As we creep ever closer to the dystopian future countless science fiction novels, films and TV shows fruitlessly attempted to warn us against, it’s important to note the key milestones we’ll one day look back on, likely while shackled to one another in the lithium mines, that helped usher in the era of our machine-learning overlords. It turns out we’re on the precipice of one such milestone right now, as the Pentagon will likely soon decide to begin deploying automated weaponry controlled by artificial intelligence. The objective, as explained by US Army Futures Command General John Murray to an audience at the US Military Academy last month, is to take the human element out of the decision-making process when it comes to raining down death on the enemy (or whoever the machines THINK is the enemy, anyway).
In this clip Cenk and Ana lament this brave new world of warmaking, where human frailty and the propensity to think twice before snuffing out the life of another sentient being will no longer represent a problem.
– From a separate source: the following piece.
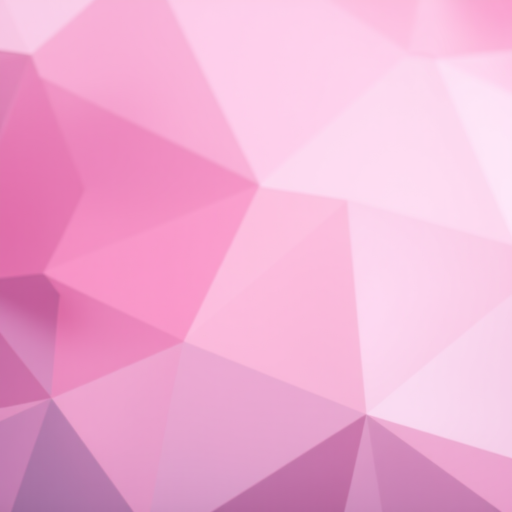 high-resolution geometric abstract background in shades of pink, soft focus, f/2.8 aperture, ISO 100, 50mm lens, macro photography style, overhead view, digital camera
Cenk points to research indicating that a majority of soldiers in World War I intentionally shot over the enemy’s head, even when they themselves were under fire, to confirm that people likely do harbor an innate disinclination to kill one another, but adds that this is more of a feature than a bug that needs to be squashed with a giant robotic foot.
Ana notes that the idea of removing human biases and decision-making from artificial intelligence is itself an example of flawed thinking, as studies have repeatedly shown that programmers’ personal prejudices inevitably manifest in the code they generate, often unwittingly transferring that biased thinking directly into the code running the AI programs. Just one example she cites is the way facial recognition technology routinely leads to accusations of criminality against innocent African-Americans.